Un autre avantage est qu’en rendant les cellules immortalisées largement disponibles, elles abaisseront la barrière d’entrée pour d’autres chercheurs qui exploreront l’agriculture cellulaire – en trouvant des moyens de réduire les coûts et de surmonter les défis de la production à grande échelle.
« Généralement, les chercheurs doivent isoler eux-mêmes les cellules souches des animaux, ce qui est coûteux et laborieux, ou utiliser des lignées cellulaires modèles provenant d’espèces moins pertinentes, comme les cellules musculaires de souris », a déclaré Andrew Stout, étudiant diplômé à TUCCA et chercheur principal du projet.

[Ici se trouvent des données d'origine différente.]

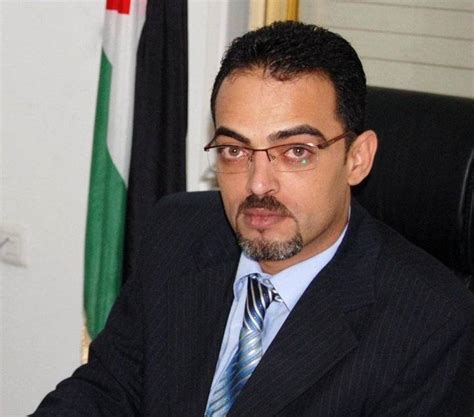 اشترى أحمد أرنبين، كانت كتلة أحدهما 4 5 6 كجم، وكتلة الآخر 1 2 5 كجم - ما الحل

La transformation des cellules souches musculaires bovines ordinaires en cellules souches musculaires bovines immortalisées s’est faite en deux étapes. La plupart des cellules, en se divisant et en vieillissant, commencent à perdre de l’ADN aux extrémités de leurs chromosomes, appelées télomères, comme des cordes usées qui s’effilochent à l’usage. Cela peut entraîner des erreurs lors de la copie ou de la réparation de l’ADN. Cela peut également entraîner la perte de gènes et, finalement, la mort des cellules.
Les chercheurs ont modifié les cellules souches bovines pour qu’elles reconstruisent constamment leurs télomères, ce qui permet à leurs chromosomes de rester « jeunes » et prêts pour un nouveau cycle de réplication et de division cellulaire.
La deuxième étape de l’immortalisation des cellules a consisté à leur faire produire en permanence une protéine qui stimule une étape critique de la division cellulaire. Cela permet d’accélérer le processus et d’aider les cellules à se développer plus rapidement.
Les cellules souches musculaires ne sont pas le produit final que l’on veut manger. Elles doivent non seulement se diviser et croître, mais aussi se différencier en cellules musculaires matures, tout comme, ou du moins très similaires, aux cellules musculaires que nous mangeons dans un steak ou un filet. Stout et son équipe de recherche ont constaté que les nouvelles cellules souches se différenciaient effectivement en cellules musculaires matures, même si elles n’étaient pas entièrement identiques aux cellules musculaires animales ou aux cellules musculaires provenant de cellules souches bovines conventionnelles.
« Il est possible qu’elles soient suffisamment matures pour reproduire la saveur et la texture de la viande naturelle », a déclaré Stout. Elles doublent à un rythme très rapide, il se peut donc qu’elles aient besoin d’un peu plus de temps pour atteindre leur pleine maturité.
« Certains peuvent se demander s’il est sûr d’ingérer des cellules immortalisées, mais en fait, une fois que les cellules ont été récoltées, stockées, cuites et digérées, il n’y a plus de voie viable pour continuer à croître », a déclaré David Kaplan, professeur d’ingénierie biomédicale de la famille Stern à Tufts et directeur de TUCCA. « Comme la viande naturelle que nous mangeons aujourd’hui, les cellules deviennent simplement un matériau inerte qui, nous l’espérons, aura un goût délicieux et apportera un large éventail de bienfaits nutritifs. »
Référence : « Immortalized Bovine Satellite Cells for Cultured Meat Applications » par Andrew J. Stout, Miles J. Arnett, Kristin Chai, Tina Guo, Lishu Liao, Addison B. Mirliani, Miriam L. Rittenberg, Michelle Shub, Eugene C. White, John S. K. Yuen Jr, Xiaoli Zhang et David L. Kaplan, 5 mai 2023, ACS Synthetic Biology.
DOI : 10.1021/acssynbio.3c00216
L’étude a été financée par le ministère américain de l’agriculture.